Denn damit positioniert sich der Support-Act recht entfernt von der verbrämten Melancholie und Melodieseeligkeit, die die Hauptband auszeichnet. Und doch verfangen hackedepicciotto auch bei jenen Aufgeschlossenen, die Element Of Crime als verkappte Jazzfans mit Faible für unkonventionelle Straßenmusik verehren.

Musik, für die nur selbstgedrehte Zigaretten in Frage kommen, oder eben ein „Hot Dog Unten Am Hafen“. „Wir haben einfach das, was man im Film gesehen hat, genommen und reingetan in den Song“, kommentiert Regener das Stück, das exklusiv für den Streifen „Robert Zimmerman wundert sich über die Liebe“ entstand. Regener fügt hinzu: „Heute ist Tag der großen Weisheiten“.

Und zur Weisheit gehört auch, dass die sechsköpfige Band keinerlei Bilder wünscht und Fotografen untersagt sind. Dabei gebe die gleichermaßen unbedarfte, wie herrlich packende Gestik hervorragende Schnappschüsse.

Zur Polka von „Kaffe Und Karin“ rudert Regener vor jedem Refrain so wild mit den Armen, als wolle er das Stück ins Publikum schieben. Mit der linken nicht selten beim Zeigefinger, in seiner rechten Hand die Trompete, aus der er gar Marriachi-Klänge herauszuholen vermag, verkörpert Regener charmant die Bedeutsamkeit des Dargebotenen.

Seine Trompete, ein Saxofon und ein Akkorden sind es, die das Prinzip der Rockband so gekonnt torpedieren, dass am Ende etwas Unverkennbares, hierzulande Beispielloses dabei herauskommt –  Weltschmerz im Kinderliedformat, Artrock hinter Folkloremelodien.

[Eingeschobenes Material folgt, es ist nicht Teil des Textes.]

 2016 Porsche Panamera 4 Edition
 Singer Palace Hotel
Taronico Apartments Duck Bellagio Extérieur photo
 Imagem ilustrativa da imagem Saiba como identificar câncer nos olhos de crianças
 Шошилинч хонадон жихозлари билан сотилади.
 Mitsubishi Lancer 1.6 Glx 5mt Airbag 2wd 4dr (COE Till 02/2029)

Daran hat auch Gitarrist Jakob Friderichs seinen Anteil, wenn er brillant die Drei- und Vierklänge auf den Saiten verschiebt und mit dem Bottleneck nicht selten den Mellow-Effekt eingießt, damit Regener mit der krächzenden Stimme noch schöner dagegen anarbeiten kann. Wenn es sein muss, gar auf Englisch: „You fucked up your life, your life is a mess“ heißt es beim Song „Don’t You Smile“ aus dem 87er Album „Try To Be Mensch“.

Es ist Musik wie das Leben: ungeschliffen, manchmal unperfekt, jederzeit schön und kratzbürstig, liebevoll und missgünstig zugleich. Sowohl für Melancholiker als auch für ungeübte Tänzer.

Von einer Band, die ein Abonnement für die größte Kleinkunst-Bühne von 3sat haben sollte. Und das im besten Sinne. Eine Band, bei der sechs Herren auf der Bühne stehen, und im Publikum dennoch nahezu Geschlechter-Parität herrscht, falls die Frauen nicht gar leicht in  Überzahl sind. Sie sind es auch, die beim zweiteiligen Zugaben-Set am intensivsten mit dabei sind.

Ob „Fallende Blätter“, „Delmenhorst“ oder „Finger Weg Von Meiner Paranoia“, erst singen sie mit und dann lachen sie an den richtigen Stellen in den Zwischenpausen. Zuletzt und umso lauter beim Gummibärchen- und quasi Solosong von Regener und der Zeile: „Wenn es dunkel und kalt wird in Berlin.“ Chapeu!